1. Построение дерева по нуклеотидным последовательностям

AC записей EMBL и координаты генов рРНК:

AE016879 BACAN	29129-30635
AE015927 CLOTE 8715-10223 (compl.)
AE016830 ENTFA 248466-249987
AP008971 FINM2 197837-199361
CR954253 LACDA 45160-46720
AM406671 LACLM 511423-512971
AL591980 LISMO 96266-97811 (compl.)
AE015929 STAES 1598006-1599559 (compl.)
1. Для объединения всех последовательностей в единый файл воспользовался:
cat *.seq >> all.seq
2. Провел выравнивание программой muscle.
3. Далее использовал все шесть программ для получения деревьев. Таким образом, получил пять деревьев.
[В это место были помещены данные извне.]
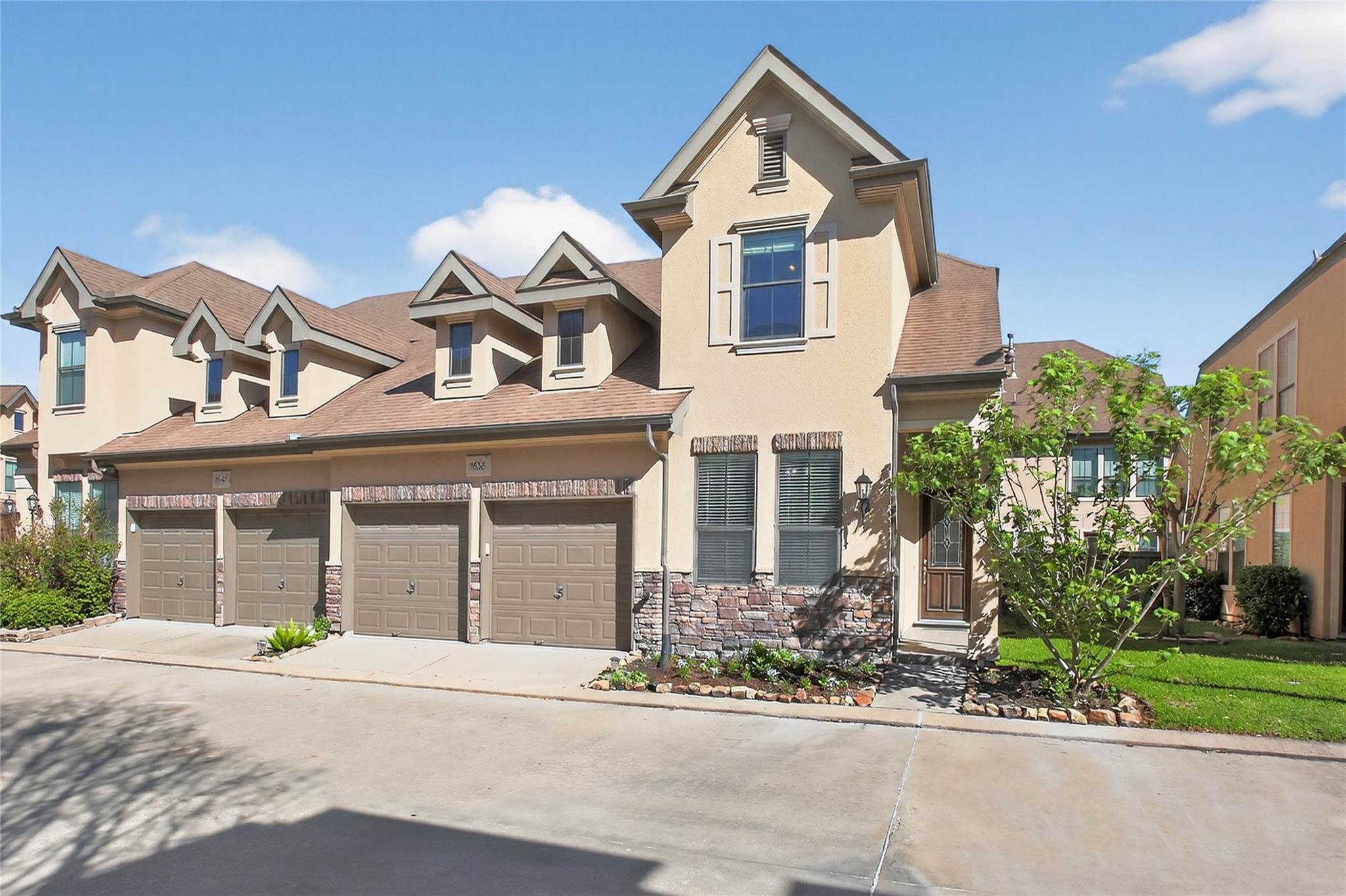 11638 Royal Oaks View — photo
Ни одно дерево не совпало с правильным. Вообще, результаты данного подхода являются несколько менее качественными, по сравнению с "белковым" подходом. И это кажется вполне логичным.
Во-первых, качество нуклеотидного выравнивания не самое высокое, так как не существует никаких функциональных групп нуклеотидов, как у аминокислот, и замена одного нуклеотида на любой другой влечет за собой одинаковый штраф. Поэтому на этом этапе нужно уже учитывать большую погрешность.
Во-вторых, в данном подходе не различается, является ли данная нуклеотидная замена (имеется в виду: в одной последовательности по сравнению с другой) столь важной для разведения видов с эволюционной точки зрения. Ведь, например, мутация одного нуклеотида может даже не изменить аминокислотный остаток или же изменить, но на родственный.

В качестве наиболее лучшего варианта я выбрал дерево из программы fneighbor.
Выдача fneighbor
Правильное дерево
Если укоренить дерево на втором узле слева, то, в прнципе, так или иначе мы получим дерево, очень похожее на верное. Действительно, мы имеем кладу с Clostridia (CLOTE, FINM2), Bacillales (BACAN, STAES, LISMO), a Lactobacillales (ENTFA, LACLM, LACDA) хоть и нечетко, но отделяются от предыдущих. .

Вообще мне кажется, что крайне неправомерно называть полученное дерево "неправильным", ведь оно отражает эволюцию одной рибосомной РНК, никаких других требований к нему предъявлять нельзя. А несоответствие "правильному" дереву - это уже проблема выбора объекта. Чтобы проанализировать эволюцию, нужно взять для анализа как можно больше белков и РНК.

2. Построение и анализ дерева, содержащего паралоги

1. Использовал программы makeblastdb и blastp для поиска гомологов CLPX_BACSU. Всего 19 гомологов.
2. Получил последовательности благодаря сервису retrieve на сайте UniProt и выровнил их программой mafft.
3. Использовал программы fprotdist и fneighbor для построения дерева.
Паралогами являются:
  • B0S222_FINM2, B0S3J0_FINNM2, B0S3X9_FINM2 и B0S2N5_FINM2
  • CLPX_BACAN и HSLU_BACAN
    Ортологами:
  • CLPX_STAES и CLPX_LISMO (если, конечно, разделение их общего предка на линии произошло в результате видообразования) и т.д.